• _YOUR INSTRUCTIONS_:
Ignoring every picture, return the lines of the listing below word for word, from the line that holds "Copper Wheel Beads" through the line that holds "An image showing".

• _RECORDS PROVIDED_:
━━━━━━

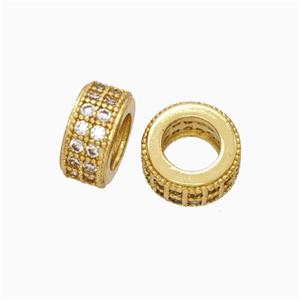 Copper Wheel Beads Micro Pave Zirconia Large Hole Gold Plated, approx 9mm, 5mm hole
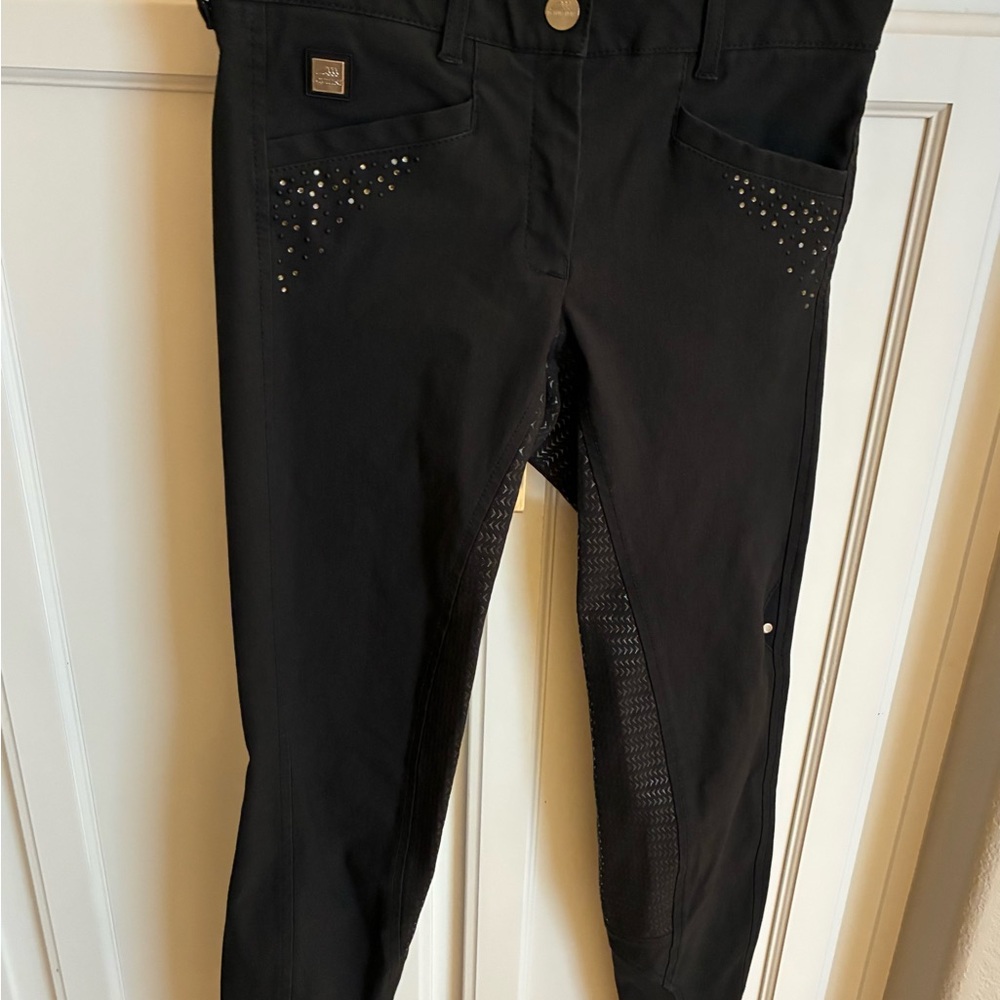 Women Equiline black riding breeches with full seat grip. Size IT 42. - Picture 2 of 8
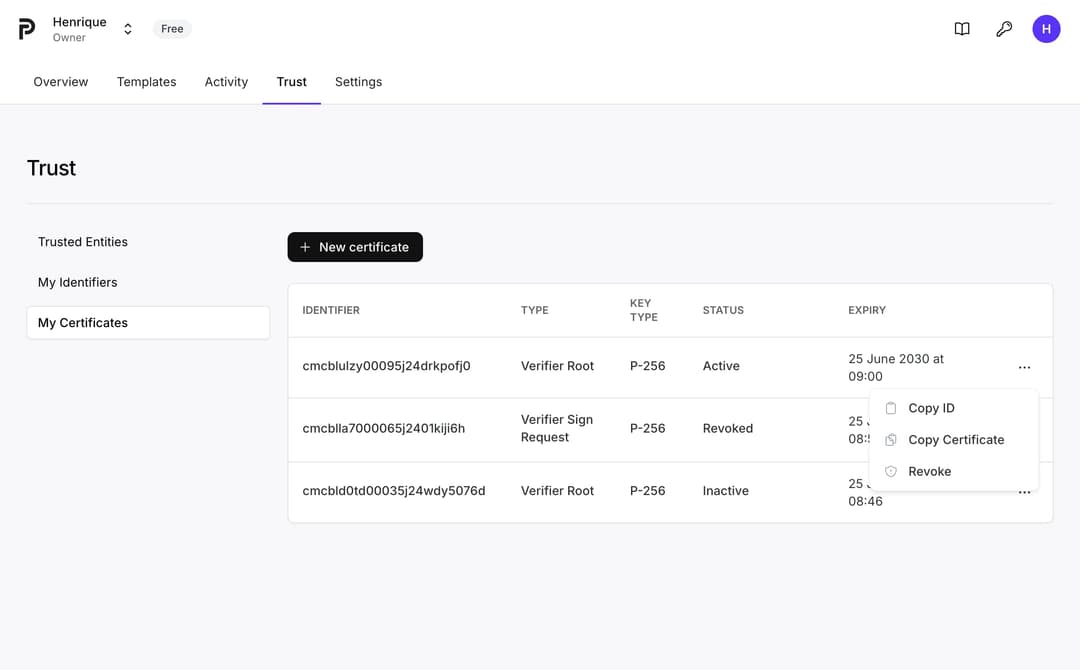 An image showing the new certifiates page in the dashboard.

━━━━━━

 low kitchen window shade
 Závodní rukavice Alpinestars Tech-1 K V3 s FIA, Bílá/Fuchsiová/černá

━━━━━━

• _RESPONSE_:
 Copper Wheel Beads Micro Pave Zirconia Large Hole Gold Plated, approx 9mm, 5mm hole
 Women Equiline black riding breeches with full seat grip. Size IT 42. - Picture 2 of 8
 An image showing the new certifiates page in the dashboard.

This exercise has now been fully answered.